COTIDIANO
Gonzaga é mestre da palavra transformada em texto escrito
Publicado em 20/06/2018 às 5:58 | Atualizado em 04/08/2023 às 14:12
Gonzaga Rodrigues e meu pai foram vizinhos no bairro da Torre.
Anos 1950.
Meu pai, na Aragão e Melo, começando o amor pelas estrelas, pela astronomia.
Gonzaga, na Maroquinha Ramos, pelo jornalismo. Pela palavra muitíssimo bem escrita.
Muito depois, eu estava saindo da infância quando vi Gonzaga de perto pela primeira vez.
Um assunto da astronomia levou meu pai à redação de O Norte. Fui junto.
E lá estava ele.
O "Neguinho".
O cara que, àquela altura, já era mestre absoluto do seu ofício.

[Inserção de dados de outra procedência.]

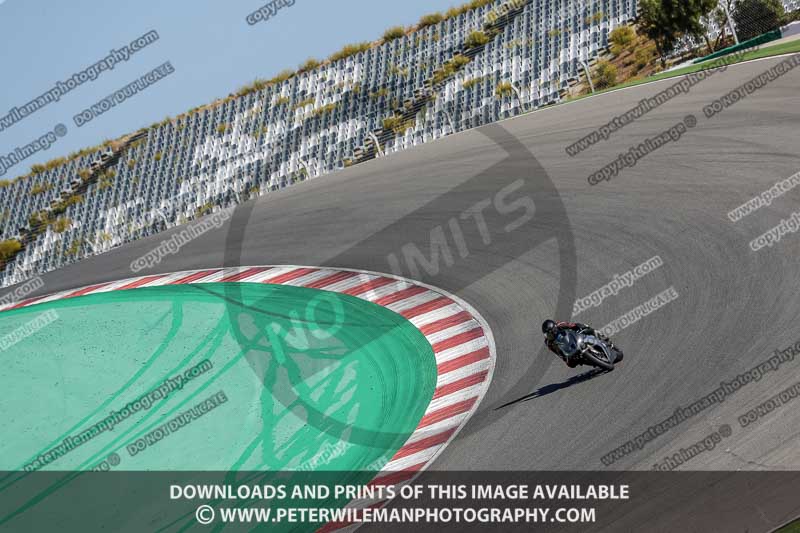 motorbikes;no limits;october 2016;peter wileman photography;portimao;portugal;trackday digital images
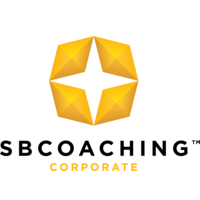 SBCoaching Empresas Unidade Recife logo, SBCoaching Empresas Unidade Recife contact details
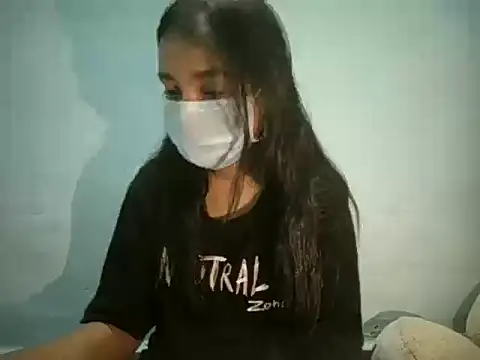 Mistry lishu online show from 7, 3, 2026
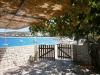 Ferienwohnungen OLIVA Kroatien - Dalmatien - Trogir - Sevid - ferienwohnung #1225 Bild 6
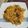 El cooksnap de Esmeralda Carabana cuando hizo Arroz meloso con costillas de cerdo.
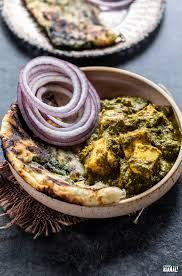 indian main course vegetarian recipes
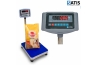 SATIS WAGA MAGAZYNOWA TS 30x40cm STBR-7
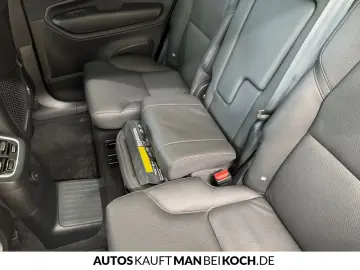 XC90 T8 Plug-In AWD Plus ACC BLIS PANO HUD 360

Profissionalmente, meu vínculo com Gonzaga começou na redação de A União.
Final dos anos 1970.
Eu, levado para o caderno de cultura por Agnaldo Almeida, o editor.
Gonzaga, diretor técnico do jornal.
A diretoria e a administração ficavam na sede do Distrito Industrial, longe da notícia.
A redação, na João Amorim, entre Jaguaribe e o Centro, numa casa por trás do Bompreço da Praça Castro Pinto.
Gonzaga chegava sempre no final da tarde.
Ficava até a noite.
Àquela altura, não sentava mais para fazer o jornal, para editar.
Discutia conteúdo.
Dava pitacos.
O mais importante era a conversa dele.
A conversa com ele.
Muito mais produtivo - que me perdoem os melhores da academia - do que cadeiras completas do curso de jornalismo.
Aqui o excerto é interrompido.